At last he was ready: "When, on the twenty-eight of April ... I called all my men out on parade and reckoned eighty-six horsemen, 118 crossbowmen and harquebusiers, some 700 foot soldiers with swords and bucklers, three large iron guns, fifteen small bronze field guns and ten hundredweight of powder, ... [t]hey knew well ... that God had helped us more than we had hoped, and ships had come with horses, men and arms."67 After only a few days of battle, it was clear to many of the towns surrounding Tenochtitlan how well supplied the Spanish now were. "The natives of Xochimilco ... and certain of the Otomi, ... came to offer themselves as Your Majesty's vassals, begging me to forgive them for having delayed so long." After a major defeat suffered by the Spanish, in which forty were captured and
sacrificed, many of the Spaniards' allies withdrew again.

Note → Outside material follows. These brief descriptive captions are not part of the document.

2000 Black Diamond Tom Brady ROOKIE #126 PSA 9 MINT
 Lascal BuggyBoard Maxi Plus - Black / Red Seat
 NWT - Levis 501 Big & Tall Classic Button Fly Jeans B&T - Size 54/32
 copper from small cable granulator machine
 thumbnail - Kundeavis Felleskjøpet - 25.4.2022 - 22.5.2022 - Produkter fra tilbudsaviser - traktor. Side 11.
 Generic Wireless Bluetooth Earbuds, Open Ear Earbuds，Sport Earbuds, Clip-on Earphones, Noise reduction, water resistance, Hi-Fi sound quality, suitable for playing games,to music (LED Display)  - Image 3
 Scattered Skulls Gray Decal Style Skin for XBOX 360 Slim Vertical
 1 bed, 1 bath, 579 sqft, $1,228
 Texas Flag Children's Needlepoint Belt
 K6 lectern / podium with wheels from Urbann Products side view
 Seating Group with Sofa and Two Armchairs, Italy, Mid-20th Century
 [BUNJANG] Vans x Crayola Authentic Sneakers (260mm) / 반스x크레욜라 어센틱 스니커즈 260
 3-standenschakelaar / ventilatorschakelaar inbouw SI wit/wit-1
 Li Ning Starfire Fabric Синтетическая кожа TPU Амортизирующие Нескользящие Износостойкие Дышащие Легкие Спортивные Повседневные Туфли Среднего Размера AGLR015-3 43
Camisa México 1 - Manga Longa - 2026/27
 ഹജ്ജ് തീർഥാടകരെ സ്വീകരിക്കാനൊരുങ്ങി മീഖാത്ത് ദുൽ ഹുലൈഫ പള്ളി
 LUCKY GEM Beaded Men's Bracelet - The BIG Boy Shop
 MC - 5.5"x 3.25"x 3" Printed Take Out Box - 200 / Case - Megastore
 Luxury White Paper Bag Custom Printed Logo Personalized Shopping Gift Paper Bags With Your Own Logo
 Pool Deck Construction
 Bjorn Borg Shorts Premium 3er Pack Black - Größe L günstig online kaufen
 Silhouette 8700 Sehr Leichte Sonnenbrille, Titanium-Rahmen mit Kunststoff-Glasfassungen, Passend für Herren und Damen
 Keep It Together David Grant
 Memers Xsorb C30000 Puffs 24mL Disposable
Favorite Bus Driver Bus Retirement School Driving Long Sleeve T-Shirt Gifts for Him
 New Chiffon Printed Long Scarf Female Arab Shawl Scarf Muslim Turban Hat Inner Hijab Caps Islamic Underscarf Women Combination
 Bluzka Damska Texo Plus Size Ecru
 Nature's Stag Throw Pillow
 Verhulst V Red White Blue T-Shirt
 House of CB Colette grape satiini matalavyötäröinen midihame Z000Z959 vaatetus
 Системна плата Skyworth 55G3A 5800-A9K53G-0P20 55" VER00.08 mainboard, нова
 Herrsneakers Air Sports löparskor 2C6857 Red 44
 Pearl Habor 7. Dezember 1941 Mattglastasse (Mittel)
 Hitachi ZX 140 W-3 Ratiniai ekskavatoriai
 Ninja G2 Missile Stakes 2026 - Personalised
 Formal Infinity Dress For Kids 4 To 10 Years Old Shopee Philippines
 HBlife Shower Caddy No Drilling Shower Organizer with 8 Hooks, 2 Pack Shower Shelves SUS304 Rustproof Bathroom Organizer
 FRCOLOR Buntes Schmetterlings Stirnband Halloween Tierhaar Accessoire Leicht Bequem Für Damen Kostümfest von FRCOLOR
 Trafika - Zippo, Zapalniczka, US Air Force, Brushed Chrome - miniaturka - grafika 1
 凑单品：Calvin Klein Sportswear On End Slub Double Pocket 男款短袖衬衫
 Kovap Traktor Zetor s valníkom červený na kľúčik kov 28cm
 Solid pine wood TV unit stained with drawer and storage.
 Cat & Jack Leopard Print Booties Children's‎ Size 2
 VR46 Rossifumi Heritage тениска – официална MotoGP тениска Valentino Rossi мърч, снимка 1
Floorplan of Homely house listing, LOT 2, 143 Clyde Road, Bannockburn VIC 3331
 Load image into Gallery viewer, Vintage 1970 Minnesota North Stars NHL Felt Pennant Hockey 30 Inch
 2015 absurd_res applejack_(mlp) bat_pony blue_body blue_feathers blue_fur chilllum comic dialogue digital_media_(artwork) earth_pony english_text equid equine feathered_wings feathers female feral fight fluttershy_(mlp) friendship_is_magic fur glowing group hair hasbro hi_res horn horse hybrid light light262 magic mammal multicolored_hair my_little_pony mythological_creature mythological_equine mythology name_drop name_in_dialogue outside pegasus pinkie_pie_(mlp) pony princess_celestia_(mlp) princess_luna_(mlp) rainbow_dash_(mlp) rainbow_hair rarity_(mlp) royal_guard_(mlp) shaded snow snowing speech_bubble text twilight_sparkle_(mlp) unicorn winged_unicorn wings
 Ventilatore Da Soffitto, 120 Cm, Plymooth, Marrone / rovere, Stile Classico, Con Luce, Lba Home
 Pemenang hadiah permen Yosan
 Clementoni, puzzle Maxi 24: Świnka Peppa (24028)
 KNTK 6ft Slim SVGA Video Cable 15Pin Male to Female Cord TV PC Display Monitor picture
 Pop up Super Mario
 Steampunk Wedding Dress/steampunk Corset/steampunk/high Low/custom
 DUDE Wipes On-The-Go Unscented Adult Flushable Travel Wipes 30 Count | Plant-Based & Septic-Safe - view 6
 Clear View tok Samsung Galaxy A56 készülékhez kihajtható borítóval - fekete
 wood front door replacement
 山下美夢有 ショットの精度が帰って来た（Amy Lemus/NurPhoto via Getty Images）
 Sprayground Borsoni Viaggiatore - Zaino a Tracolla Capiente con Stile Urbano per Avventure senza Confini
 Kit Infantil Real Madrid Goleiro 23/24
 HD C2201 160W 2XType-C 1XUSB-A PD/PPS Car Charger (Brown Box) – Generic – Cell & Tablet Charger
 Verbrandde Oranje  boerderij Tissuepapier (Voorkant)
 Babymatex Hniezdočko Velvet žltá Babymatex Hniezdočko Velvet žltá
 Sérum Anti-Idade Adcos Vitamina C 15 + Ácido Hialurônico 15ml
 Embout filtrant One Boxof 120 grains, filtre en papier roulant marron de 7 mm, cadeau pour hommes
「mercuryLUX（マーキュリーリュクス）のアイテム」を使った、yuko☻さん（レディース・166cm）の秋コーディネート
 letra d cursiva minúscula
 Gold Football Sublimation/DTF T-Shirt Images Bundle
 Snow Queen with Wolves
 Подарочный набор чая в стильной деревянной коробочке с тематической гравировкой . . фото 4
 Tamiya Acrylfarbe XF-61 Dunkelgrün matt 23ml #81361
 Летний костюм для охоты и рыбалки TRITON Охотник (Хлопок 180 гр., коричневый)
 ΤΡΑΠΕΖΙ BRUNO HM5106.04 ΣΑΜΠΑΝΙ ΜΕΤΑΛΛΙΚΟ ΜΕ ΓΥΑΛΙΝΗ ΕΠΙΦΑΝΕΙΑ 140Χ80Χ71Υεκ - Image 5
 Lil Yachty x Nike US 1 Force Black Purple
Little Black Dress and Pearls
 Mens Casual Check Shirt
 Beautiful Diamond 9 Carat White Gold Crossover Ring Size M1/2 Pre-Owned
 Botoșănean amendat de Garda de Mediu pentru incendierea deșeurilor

It is commonly accepted that they returned only when the Nahua priests' predictions of a great victory to occur within the ensuing eight days did not come true. Cortes, though, outlines events as follows: first messengers arrived from Vera Cruz telling of the arrival of yet another ship and bringing powder and crossbows to prove it, and then, in the next sentence, "all the lands round about" demonstrated their good sense and came
over to the Spaniards' side.68 Perhaps, after all, the Indians' decisions were less spiritually than practically motivated.